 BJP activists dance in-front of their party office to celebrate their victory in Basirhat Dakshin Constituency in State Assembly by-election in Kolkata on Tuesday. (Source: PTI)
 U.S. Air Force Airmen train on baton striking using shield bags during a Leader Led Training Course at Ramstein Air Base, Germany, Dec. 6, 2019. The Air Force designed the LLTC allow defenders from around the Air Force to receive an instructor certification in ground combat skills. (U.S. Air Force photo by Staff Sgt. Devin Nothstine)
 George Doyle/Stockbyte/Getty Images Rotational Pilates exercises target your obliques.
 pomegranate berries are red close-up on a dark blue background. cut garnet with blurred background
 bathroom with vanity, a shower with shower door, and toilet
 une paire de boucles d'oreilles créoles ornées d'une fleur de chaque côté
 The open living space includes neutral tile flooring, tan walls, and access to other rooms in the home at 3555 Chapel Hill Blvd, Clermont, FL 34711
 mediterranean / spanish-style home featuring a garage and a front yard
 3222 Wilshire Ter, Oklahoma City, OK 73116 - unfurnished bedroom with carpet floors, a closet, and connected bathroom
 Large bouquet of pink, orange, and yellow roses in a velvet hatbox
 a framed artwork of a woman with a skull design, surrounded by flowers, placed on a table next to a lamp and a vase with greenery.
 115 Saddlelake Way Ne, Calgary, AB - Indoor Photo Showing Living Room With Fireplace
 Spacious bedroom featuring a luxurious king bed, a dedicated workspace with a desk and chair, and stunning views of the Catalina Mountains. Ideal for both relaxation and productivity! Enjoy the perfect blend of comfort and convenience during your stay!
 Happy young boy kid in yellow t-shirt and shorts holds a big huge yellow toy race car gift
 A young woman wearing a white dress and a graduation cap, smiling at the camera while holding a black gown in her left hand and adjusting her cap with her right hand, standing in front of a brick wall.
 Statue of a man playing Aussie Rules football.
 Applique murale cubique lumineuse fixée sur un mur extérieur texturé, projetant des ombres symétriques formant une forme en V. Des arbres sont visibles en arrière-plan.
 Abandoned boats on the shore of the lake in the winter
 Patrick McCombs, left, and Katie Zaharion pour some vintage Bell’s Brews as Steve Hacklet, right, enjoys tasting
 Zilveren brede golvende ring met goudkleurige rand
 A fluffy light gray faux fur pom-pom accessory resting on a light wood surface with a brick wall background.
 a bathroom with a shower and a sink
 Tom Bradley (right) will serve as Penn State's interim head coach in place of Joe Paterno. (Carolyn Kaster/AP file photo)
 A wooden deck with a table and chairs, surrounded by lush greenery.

• • • •

• Work to be completed
Every line in the data above that contains the word "your" should be copied.

• Reply
 George Doyle/Stockbyte/Getty Images Rotational Pilates exercises target your obliques.
 Spacious bedroom featuring a luxurious king bed, a dedicated workspace with a desk and chair, and stunning views of the Catalina Mountains. Ideal for both relaxation and productivity! Enjoy the perfect blend of comfort and convenience during your stay!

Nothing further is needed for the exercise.